PROVIDED DATA =
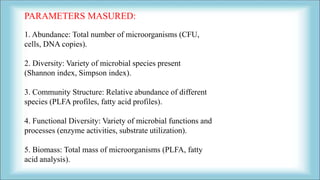 1. Abundance: Total number of microorganisms (CFU,
cells, DNA copies).
2. Diversity: Variety of microbial species present
(Shannon index, Simpson index).
3. Community Structure: Relative abundance of different
species (PLFA profiles, fatty acid profiles).
4. Functional Diversity: Variety of microbial functions and
processes (enzyme activities, substrate utilization).
5. Biomass: Total mass of microorganisms (PLFA, fatty
acid analysis).
PARAMETERS MASURED:
 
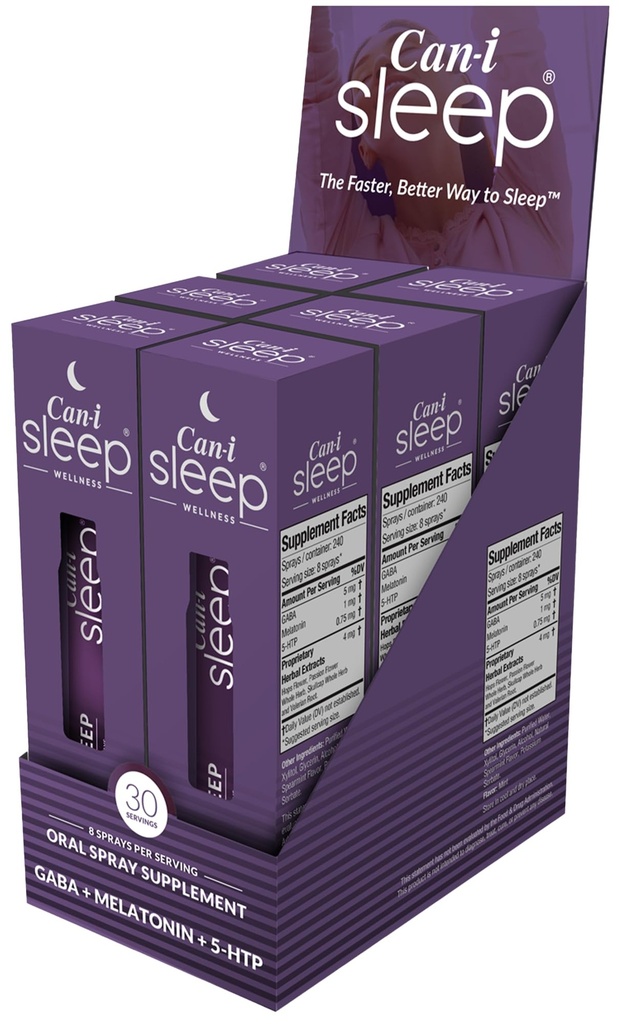 Snabbaste sömnspray som arbetar i 10 min, bästa sömnhjälp för vuxna, Relaxium genom natten med Can-i Sleep All Natural Sleep Vitamins - 180 portioner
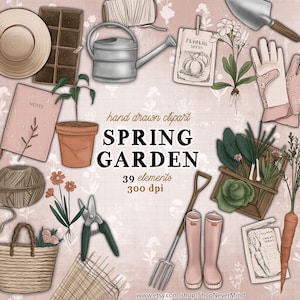 Kit de imágenes prediseñadas de primavera Spring Garden clipart jardinería verde casa verduras semillas flores botánicas clipart comercial uso pegatina gráficos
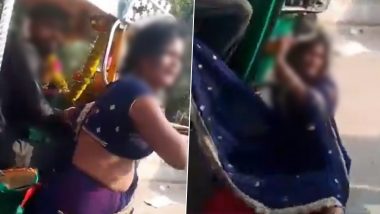 Uttar Pradesh Shocker: Woman Brutally Thrashed by Autorickshaw Driver On Road In Sonbhadra, Disturbing Video Goes Viral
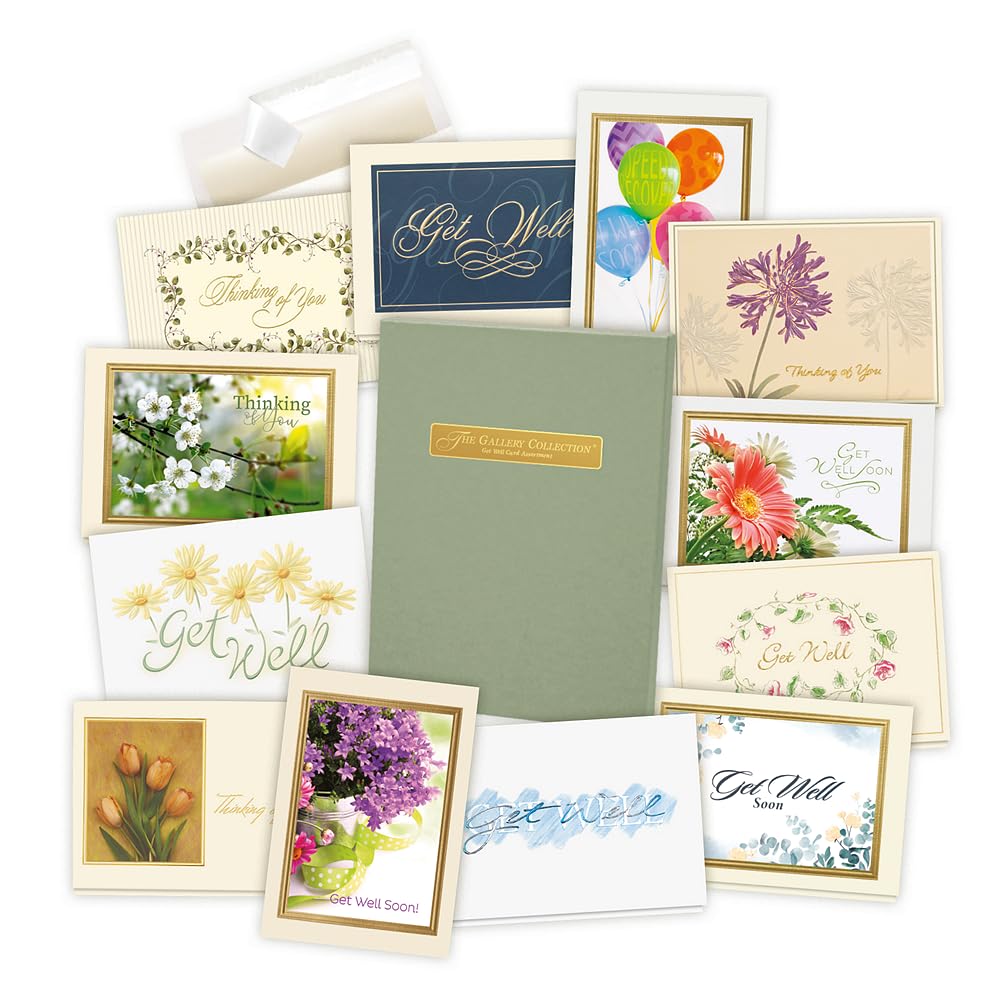 Get Well Soon Cards Assortment Box - 35 Premium Greeting Cards with Foil & Embossing Designs | Sympathy & Recovery Cards for Hospital Patients, Friends & Family | Perfect for Care Packages, Nursing Homes & Thoughtful Gifts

ACTIVITY =
Please determine the number of lines in the records above that include the string "microbial", and answer with that number only.

TASK SOLUTION =
2